# [Your objective]
Please repeat the records exactly from their first line, finishing at the line containing "TESLA MODEL Y 2025 - 7SAYGDEE3SF297797" and including it.

** Information supplied follows **

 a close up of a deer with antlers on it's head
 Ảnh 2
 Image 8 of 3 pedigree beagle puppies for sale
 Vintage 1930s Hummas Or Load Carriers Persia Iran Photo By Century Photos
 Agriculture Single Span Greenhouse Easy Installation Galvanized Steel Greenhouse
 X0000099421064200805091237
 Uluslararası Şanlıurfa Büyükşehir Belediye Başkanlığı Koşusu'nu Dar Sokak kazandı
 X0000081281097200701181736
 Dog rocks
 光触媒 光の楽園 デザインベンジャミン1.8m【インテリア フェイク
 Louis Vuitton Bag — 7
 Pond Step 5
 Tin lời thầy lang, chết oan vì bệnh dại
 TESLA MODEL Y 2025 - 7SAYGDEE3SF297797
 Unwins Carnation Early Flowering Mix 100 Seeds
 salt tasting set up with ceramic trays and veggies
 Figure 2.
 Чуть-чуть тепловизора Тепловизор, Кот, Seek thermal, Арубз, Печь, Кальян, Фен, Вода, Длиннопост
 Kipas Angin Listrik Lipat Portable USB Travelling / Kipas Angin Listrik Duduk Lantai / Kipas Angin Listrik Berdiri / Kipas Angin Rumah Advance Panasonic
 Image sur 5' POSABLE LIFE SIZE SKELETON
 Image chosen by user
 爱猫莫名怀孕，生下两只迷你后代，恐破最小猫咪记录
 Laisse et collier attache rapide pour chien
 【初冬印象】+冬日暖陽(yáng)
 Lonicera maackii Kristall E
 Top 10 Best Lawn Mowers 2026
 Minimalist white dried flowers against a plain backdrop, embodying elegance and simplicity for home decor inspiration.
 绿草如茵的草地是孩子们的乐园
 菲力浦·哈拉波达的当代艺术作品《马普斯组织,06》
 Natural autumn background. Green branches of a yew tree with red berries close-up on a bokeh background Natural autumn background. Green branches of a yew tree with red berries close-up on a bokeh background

** End of Information supplied **

# [Response for this exercise]
 a close up of a deer with antlers on it's head
 Ảnh 2
 Image 8 of 3 pedigree beagle puppies for sale
 Vintage 1930s Hummas Or Load Carriers Persia Iran Photo By Century Photos
 Agriculture Single Span Greenhouse Easy Installation Galvanized Steel Greenhouse
 X0000099421064200805091237
 Uluslararası Şanlıurfa Büyükşehir Belediye Başkanlığı Koşusu'nu Dar Sokak kazandı
 X0000081281097200701181736
 Dog rocks
 光触媒 光の楽園 デザインベンジャミン1.8m【インテリア フェイク
 Louis Vuitton Bag — 7
 Pond Step 5
 Tin lời thầy lang, chết oan vì bệnh dại
 TESLA MODEL Y 2025 - 7SAYGDEE3SF297797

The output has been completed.